Can you save my view?

lkplatow
16 years ago

You all were so helpful with my "short hose" question so I thought I'd ask another one. We live in SE PA on top of a hill (zone 6 but the hillside makes it more on the cold side). We used to have the most amazing view down into the valley - our whole house was built oriented to take advantage of the view. Sadly, the lot behind us has been sold and the new owners are constructing a 5000 sq ft house and a 1500 sq ft detached garage right smack in the middle of our view. This is really the only house we can see from ours but unfortunately, it's only about 300 ft away from our back porch. Ugh.

This was our view before:

{{gwi:37957}}

and this is the new view (sans garage, which is still under construction and will be located in the window to the right of the one where you see the house):

{{gwi:37958}}

Anyhow, short of buying the lot and knocking over the house (ha ha), our best option seems to be some kind of planting to screen the house so we can recover at least part of our view and our privacy. I'd like something that will screen during winter as well as summer, but am not fond of the "row of everygreens" that I typically see as privacy screening around here. Whatever we plant will get full sun and lots of wind exposure (very windy up here on the hill) and watering it will be a pain in the rear since it's pretty far from the house. We'd like something that doesn't get too tall - just tall enough to hide the house. That way we can still see the ridgeline of the mountains above our plants. Oh, and super fast growing would be an added bonus. I'd love a weeping willow (have always wanted one) but am not sure how it would do on the hillside with no "wetlands" and of course, it would lose its leaves during the winter.

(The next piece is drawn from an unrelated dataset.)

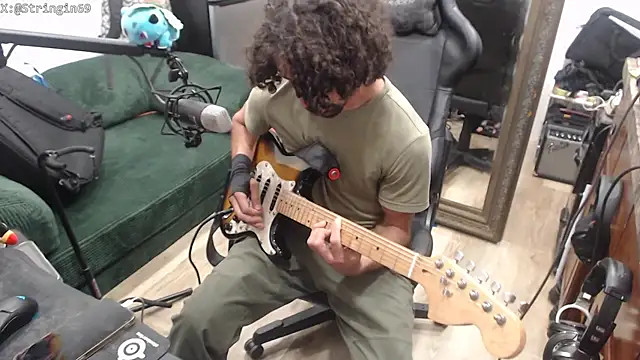 Stringin69 élő XXX-chatje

From our 2nd floor, we have a much "taller" view of the house and would like to block it completely. The shrub you see in this picture is about 10ft tall, so I'm guessing something about 20-25 ft tall or so would do it....but I'm really bad at estimating things like that.

{{gwi:37959}}

Any suggestions?

Comments (11)

  • rhodium
    16 years ago

    Thuja plicata,pinus (hillside gold),and black gum tupelo will make a fine screen for you. All season evergreen, winter and fall color extravaganza. Also nesting for birds and fod.

    Check with your neighbor first, maybe they were going to plant to screen your house.

  • treelover
    16 years ago

    If you plant something 2-1/2 times the height of that shrub in pic#2, will that block the view of the horizon from your first floor windows?

    Do you have room at the edge of your property for a small grove of not too big evergreens? Extending the grouping of trees in pic#2 (under the window blind) with more than one type of shrub/tree would look fine, imo. Maybe include some flowering shrubs like mountain laurel.

    Gorgeous view, you have...hope your new neighbors are congenial.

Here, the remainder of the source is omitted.